**Records to use**.
"""

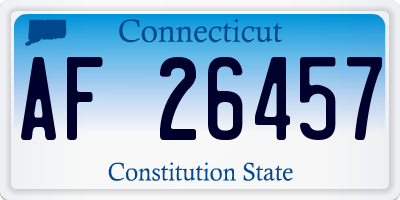 CT license plate AF26457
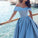 Blue Off-the-shoulder Ball Gown Split Princess Beach Quinceanera Dresses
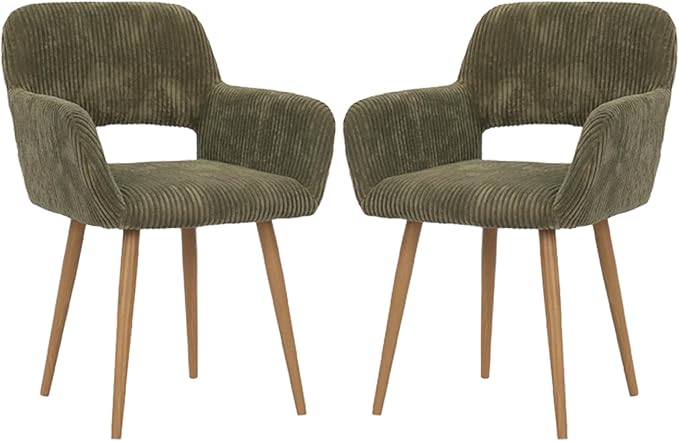 KCC Small Modern Dining Room Arm Chairs Set of 2, Mid-Century Upholstered Corduroy Fabric Side Seat Club Guest with Metal Tube Legs for Kitchen, Living Room, Green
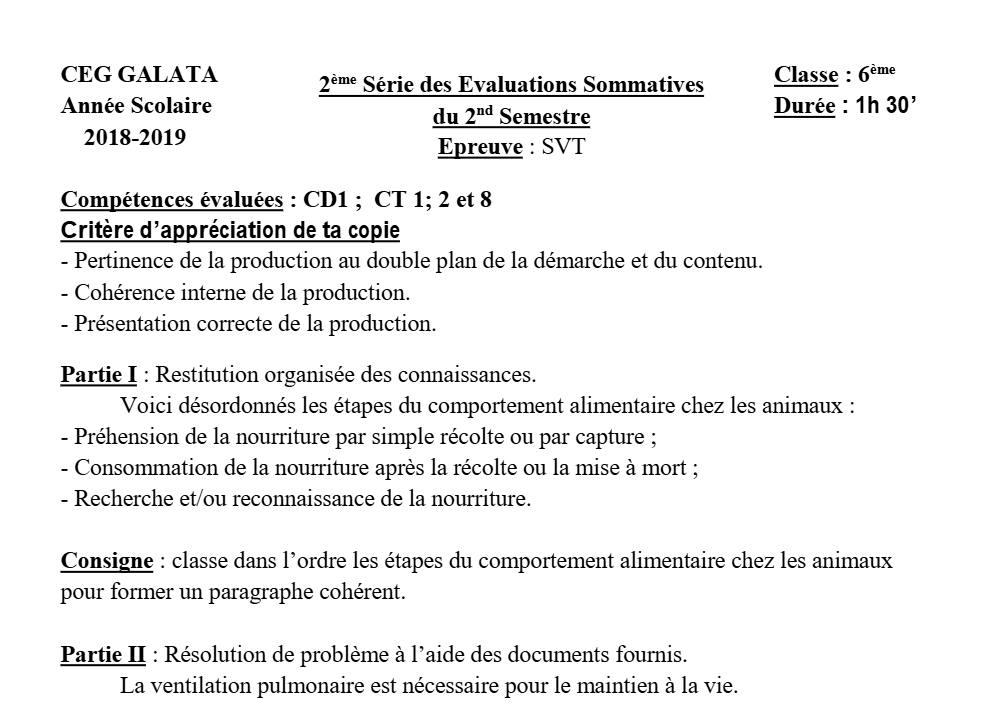 Aperçu de la première page — 4e SVT Devoir 2 Semestre 2 CEG Galata 2018 2019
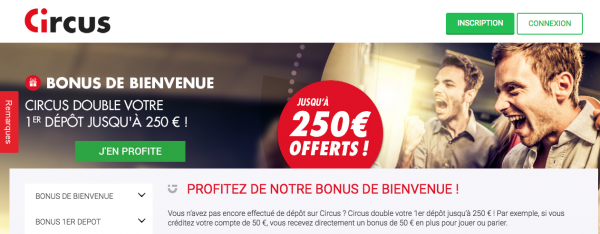 250 euros de bonus vous attendent pour vos paris sportifs chez Circus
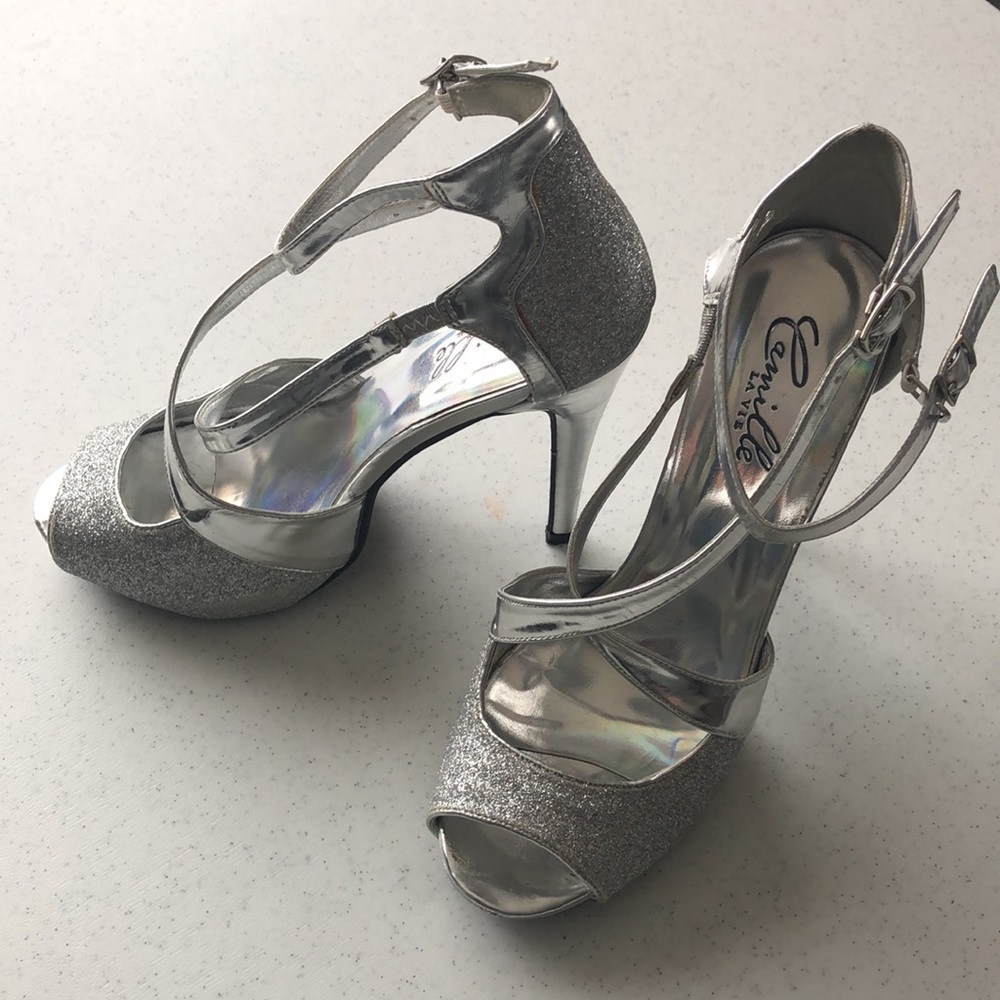 Camille La Vie silver high heel sandals size 6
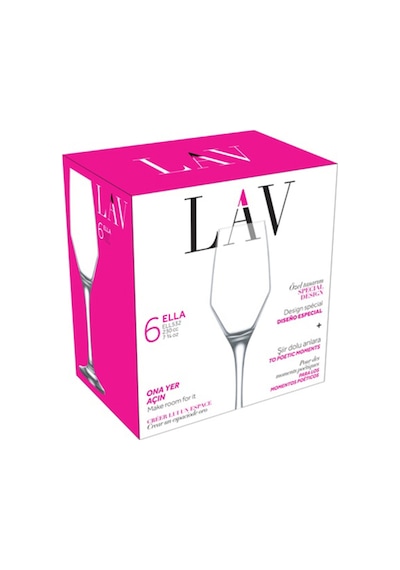 Lav Ella Cam Şampanya Kadehi 6'lı 230 ml Ayaklı (Kahve Yanı Su/Kokteyl Bardağı)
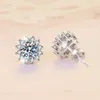 Boucles d'oreilles Cocosily 0.5CT D couleur GRA Certification Moissanite S925 argent Sterling femmes tournesol Simple classique fleur bijoux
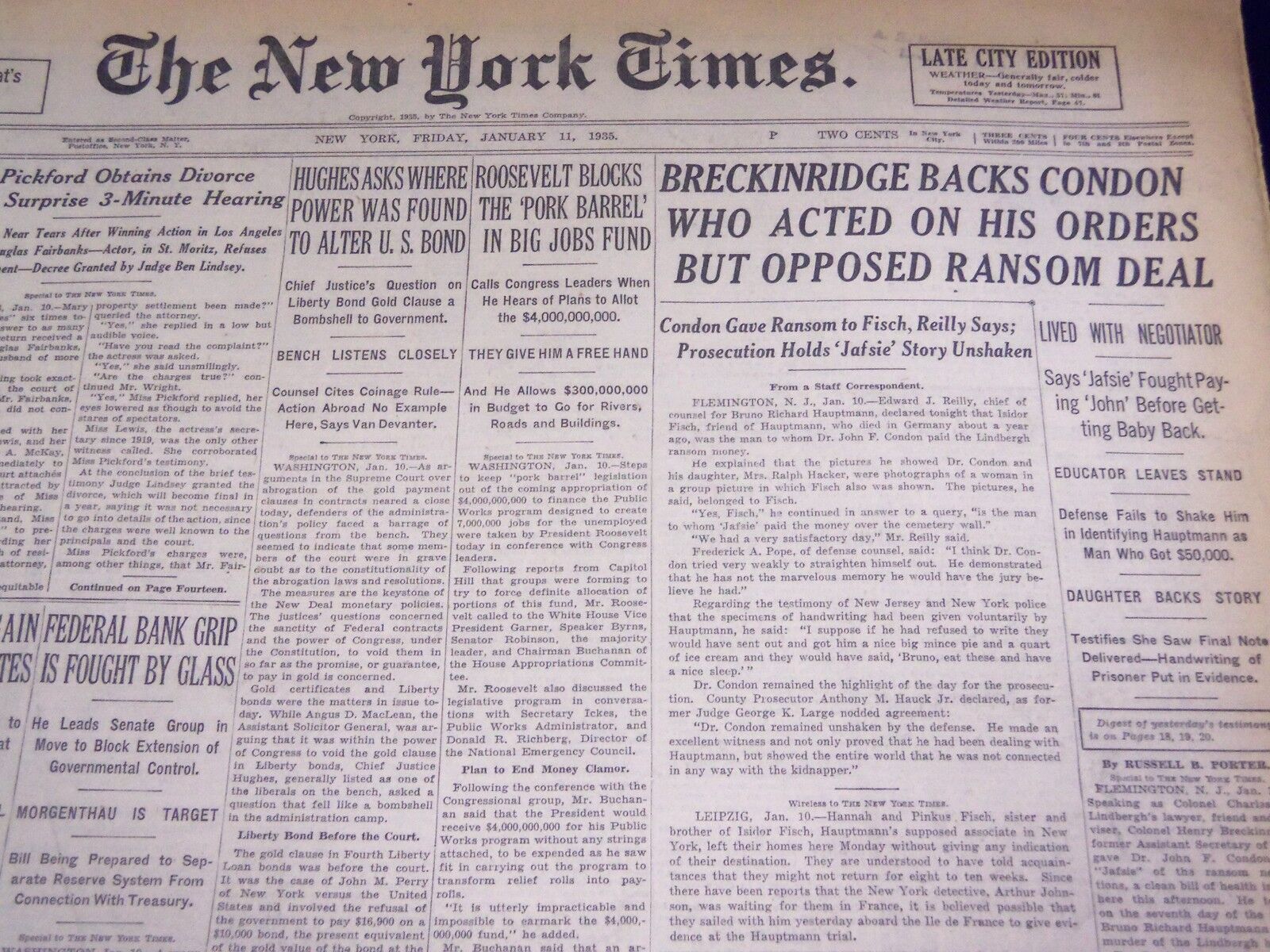 1935 JANUARY 11 NEW YORK TIMES - BRECKINRIDGE BACKS CONDON - NT 1929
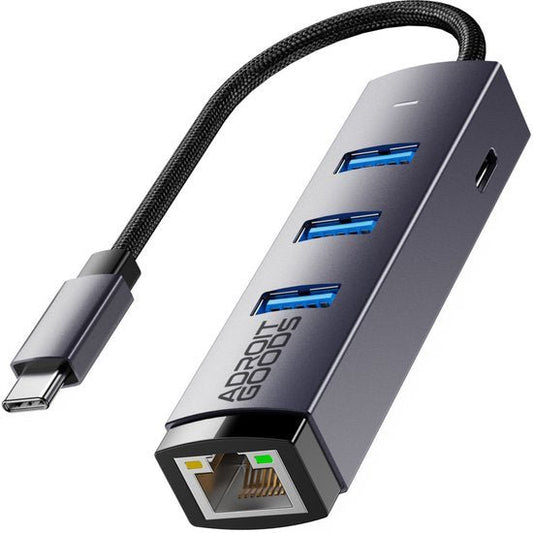 Compact grijze USB-C hub met drie USB-poorten en een ethernet aansluiting in een strak ontwerp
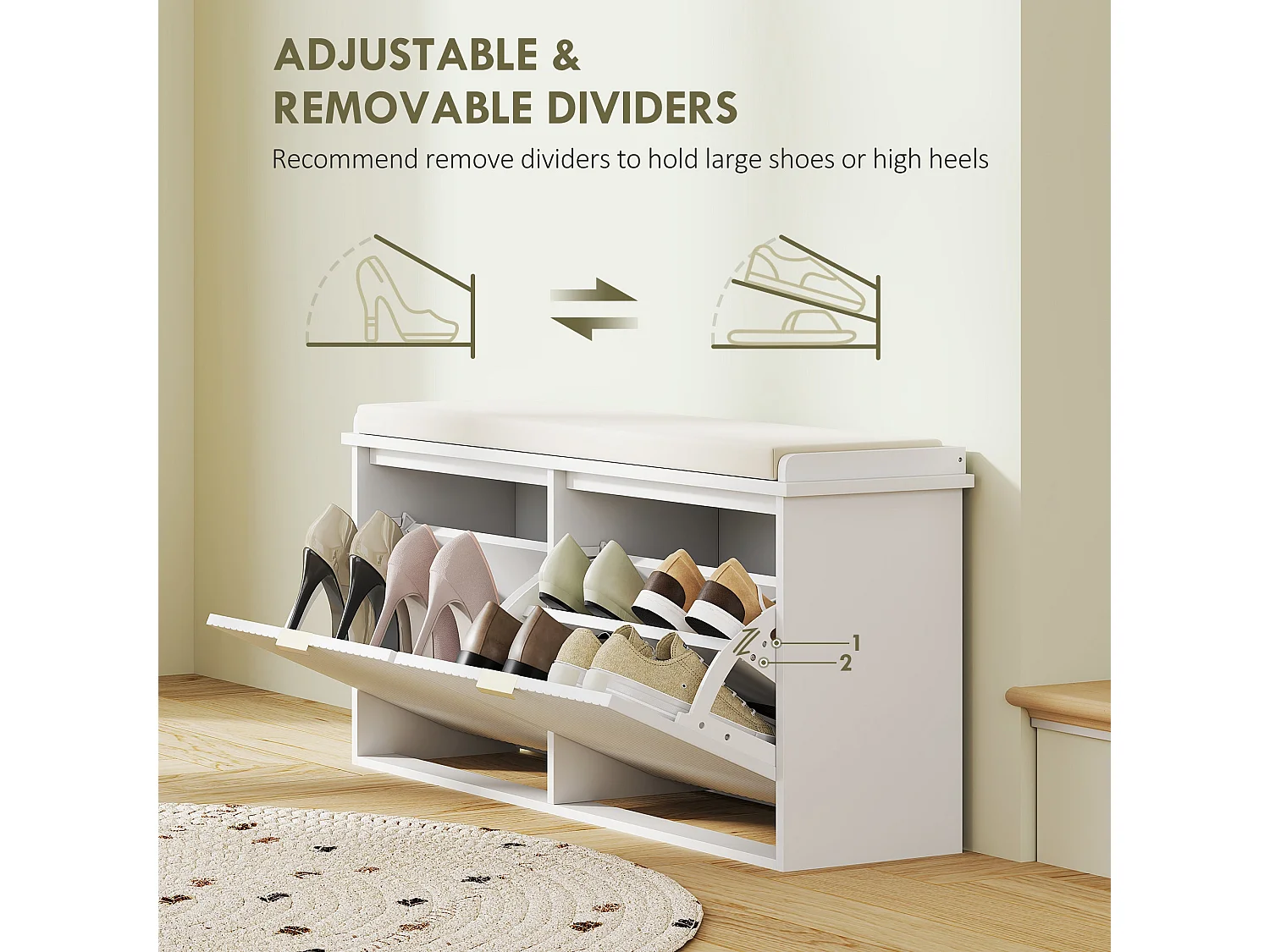 Fasu Liha 10 Pair White Shoe Bench with Beige Cushioned Top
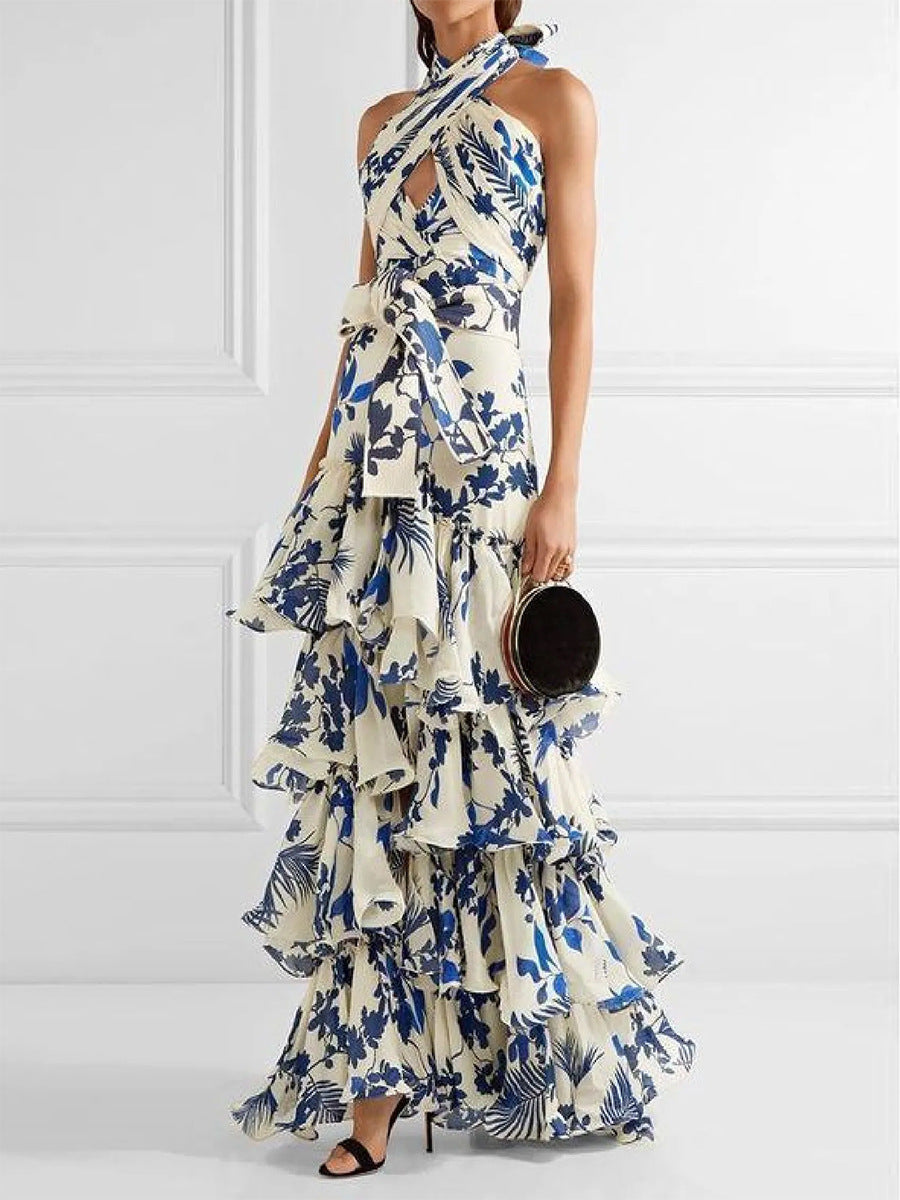 Bohemian Floral Maxi Dress With Tie Straps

"""

**What the task requires**. The lines from the one that contains "1935 JANUARY 11" through the end of the data, repeated exactly and with no pictures, make up the whole answer.

**Response area**.
 1935 JANUARY 11 NEW YORK TIMES - BRECKINRIDGE BACKS CONDON - NT 1929
 Compact grijze USB-C hub met drie USB-poorten en een ethernet aansluiting in een strak ontwerp
 Fasu Liha 10 Pair White Shoe Bench with Beige Cushioned Top
 Bohemian Floral Maxi Dress With Tie Straps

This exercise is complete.